При этом он даже антипатии не вызывал, хотя надзирал за цехом и, хочешь не хочешь, заставлял людей работать. Но никогда не бранился и начальству ни на кого не доносил. Если считал, что на каком-то участке работа идет не так, как надо, шел туда и молча ловкими руками устранял помеху. Или становился подле кучки говорунов и, устремив на них почти невидящий взгляд темных глаз, стоял так, пока у них не проходила охота чесать языки. От Квангеля всегда веяло холодом. В короткие перерывы рабочие старались сесть подальше от него, выказывая тем самым вполне естественное уважение, какого другой не приобрел бы ни разговорами, ни поощрениями.
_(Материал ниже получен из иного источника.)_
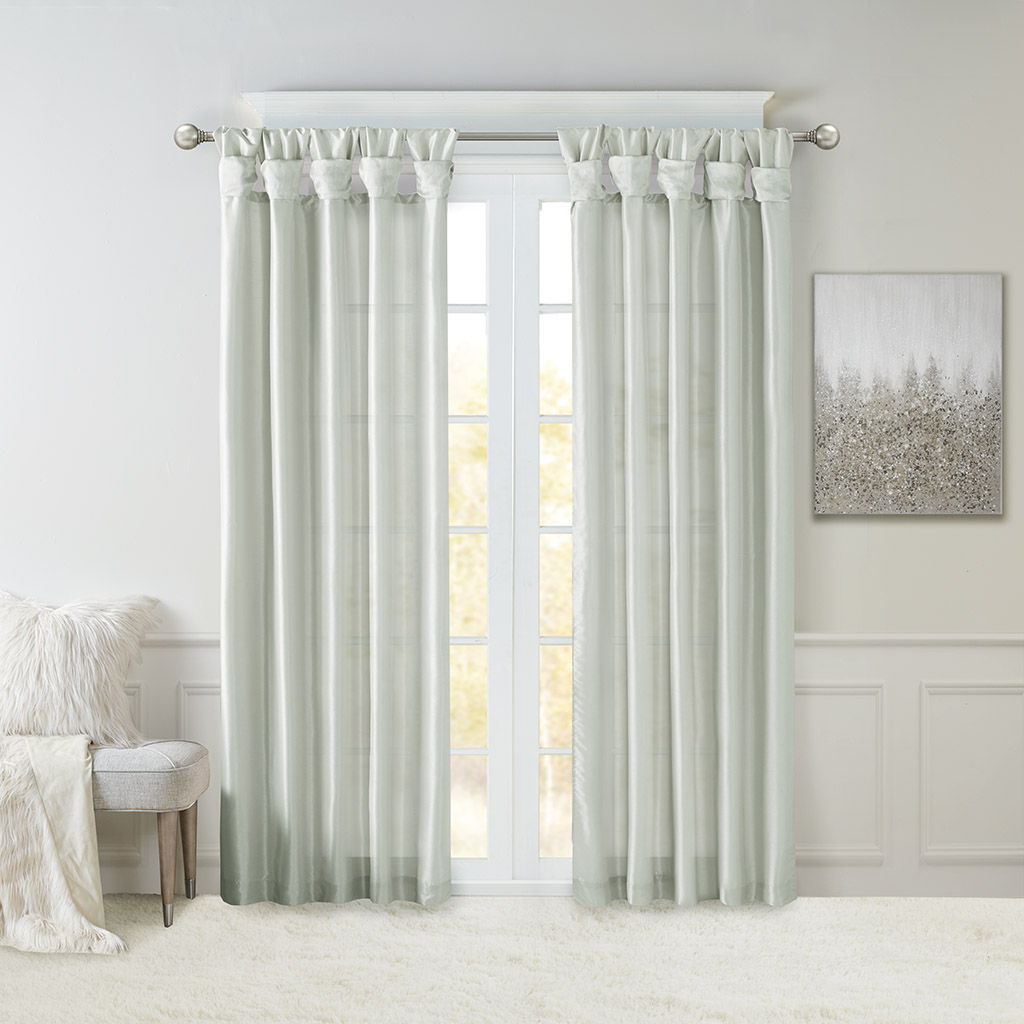 Emilia - Twist Tab Lined Window Curtain - Dusty Aqua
Фабричное руководство тоже прекрасно понимало, как им повезло с Отто Квангелем. Его цех неизменно добивался самой высокой выработки, сложностей с людьми там никогда не возникало, а сам Квангель держался вежливо и обходительно. Его бы давным-давно повысили, решись он вступить в партию. Но он всегда отказывался. «Нет у меня лишних денег, – говорил он в таких случаях. – Каждая марка на счету. Семью надо кормить».
Втихомолку над ним посмеивались, называли жмотом. Небось каждое грошовое пожертвование от сердца отрывает. Нет бы сообразить, что, вступив в партию, он получит прибавку к жалованью, которая с лихвой возместит потерю на партийных взносах. Увы, толковый сменный мастер в политическом отношении и впрямь безнадежный дурак, потому его и оставили на этой небольшой руководящей должности, хоть он и не партийный.
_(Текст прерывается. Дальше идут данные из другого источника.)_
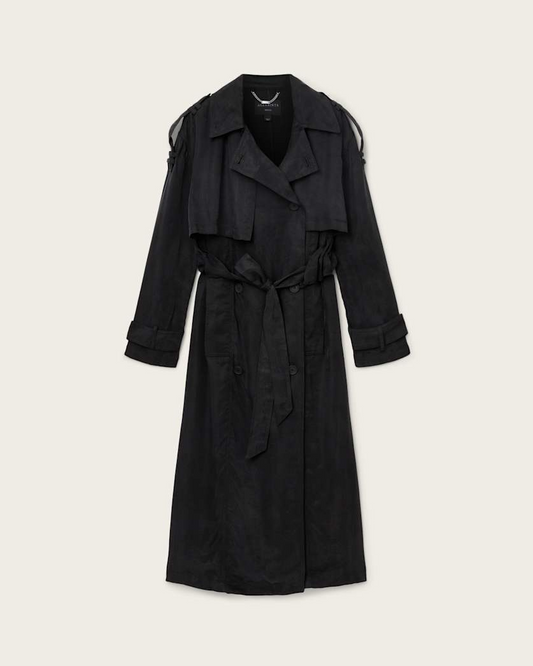 Black מעיל טרנץ' לנשים Linnie Trench ALLSAINTS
На самом деле от вступления в партию Отто Квангеля удерживала вовсе не скупость. Конечно, он был крайне щепетилен в том числе и в денежных вопросах и порой мог неделями досадовать из-за опрометчиво потраченного гроша. Но к другим он относился с той же щепетильностью, что и к себе, а эта партия следует собственным принципам далеко не щепетильно. Уж он насмотрелся, как школа и гитлерюгенд воспитывали его сына, слыхал от Анны да и сам видел, что все хорошо оплачиваемые должности на фабрике достаются партийцам, которых неизменно предпочитали самым старательным беспартийным, – все это укрепляло его в уверенности, что партия нещепетильна, то есть несправедлива, а с такими вещами он дела иметь не желал.
Вот почему брошенное женой «ты и твой фюрер» нынче так его обидело. Разумеется, до сих пор он верил в искренность фюрера, в его величие и добрые намерения. Достаточно убрать из его окружения всех этих навозных мух, любителей легкой наживы, которым лишь бы деньги грести лопатой да жить припеваючи, – и сразу все наладится. Но до тех пор он участвовать не будет, ни за что, и Анна прекрасно об этом знала, единственная, с кем он по-настоящему разговаривал. Ладно, она сказала так сгоряча, со временем он забудет, не умеет он копить на нее обиды.
А вот насчет фюрера и насчет войны нужно еще хорошенько поразмыслить. Правда, размышляет Отто Квангель всегда подолгу. На других внезапные события действуют тотчас, люди тут же принимаются говорить, кричать или что-то делать, а на него – медленно, очень медленно.
Сейчас, стоя в цеху среди грохота и скрежета, чуть приподняв голову и медленно переводя взгляд со строгального станка на ленточную пилу, на гвоздильщиков, сверловщиков, подносчиков досок, он отмечает, как весть о смерти Отто, а особенно слова Анны и Трудель продолжают в нем свое действие. Собственно говоря, об этом он особо не думает, зато точно знает, что этот халтурщик, столяр Дольфус, семь минут назад вышел из цеха и вся работа на его линии застопорилась, так как ему, видите ли, опять приспичило выкурить в нужнике сигарету или просто потрепать языком. Еще три минуты – и он сам притащит его обратно, сам!
И покуда взгляд, упав на минутную стрелку стенных часов, фиксирует, что через три деления действительно будет целых десять минут, как Дольфус сачкует, Квангелю вспоминается не только ненавистный плакат над головой Трудель, и думает он не только о том, чтó, собственно, означают слова «измена родине и государству» и где бы насчет этого разузнать, а еще и о том, что в кармане куртки лежит переданное вахтером письмо, в котором сменного мастера Квангеля коротко уведомляют, что ровно в пять он должен явиться в столовую для служащих.